Elon Musk/SpaceX via Twitter



SpaceX aims to finish the entire Starlink project in 2027. If the network does wind up with 42,000 satellites, it would have launched more than eight times the total number of satellites in orbit today.

Adding that much more material to Earth’s orbit could increase the risk of space collisions. In the worst-case scenario, too many such crashes in a series could turn the region into a minefield of debris, creating a spiraling space-junk disaster that could cut off our ability to leave Earth.
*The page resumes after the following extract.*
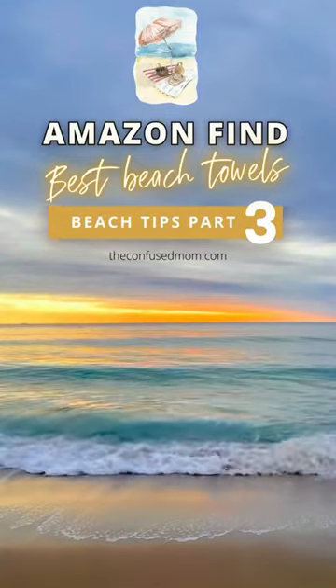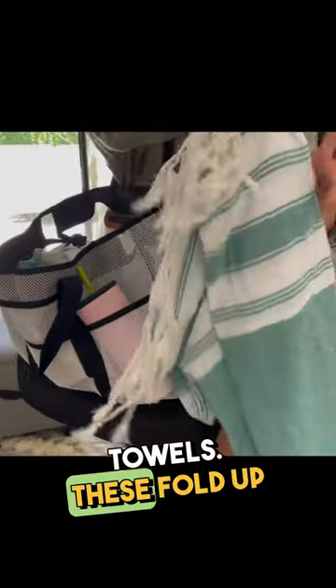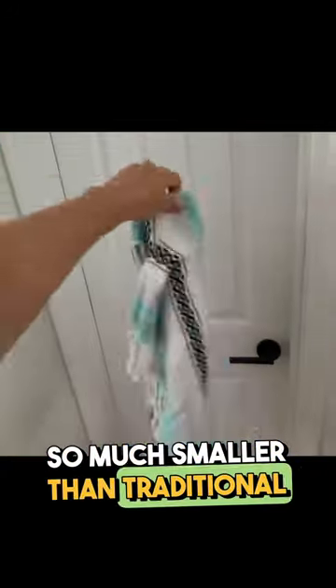Amazon find for the best beach towels — Turkish towels or sand-proof towels. These fold up so much smaller than traditional towels. They don't get waterlogged and super heavy like traditional towels, and they don't trap sand like traditional towels.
Already, a near-collision with a Starlink satellite forced the European Space Agency to maneuver its own spacecraft out of the way last year.

To avoid leaving dead spacecraft in orbit (thereby contributing to the accumulation of space junk and increasing risk of collisions), SpaceX has said its satellites will automatically deorbit at the end of their lifespans.

The company appeared to be testing the deorbiting mechanism when one of its satellites fell into Earth’s atmosphere and burned up in February, according to astronomer Jonathan McDowell.

After SpaceX launches at least 500 more satellites, the company plans to boot up Starlink, then build toward a floating internet backbone that would bathe most of the planet in ultra-high-speed web access.

“For the system to be economically viable, it’s really on the order of 1,000 satellites,” Musk said in May 2019, “which is obviously a lot of satellites, but it’s way less than 10,000 or 12,000.”

After this batch, the next Starlink launch is scheduled for June 22.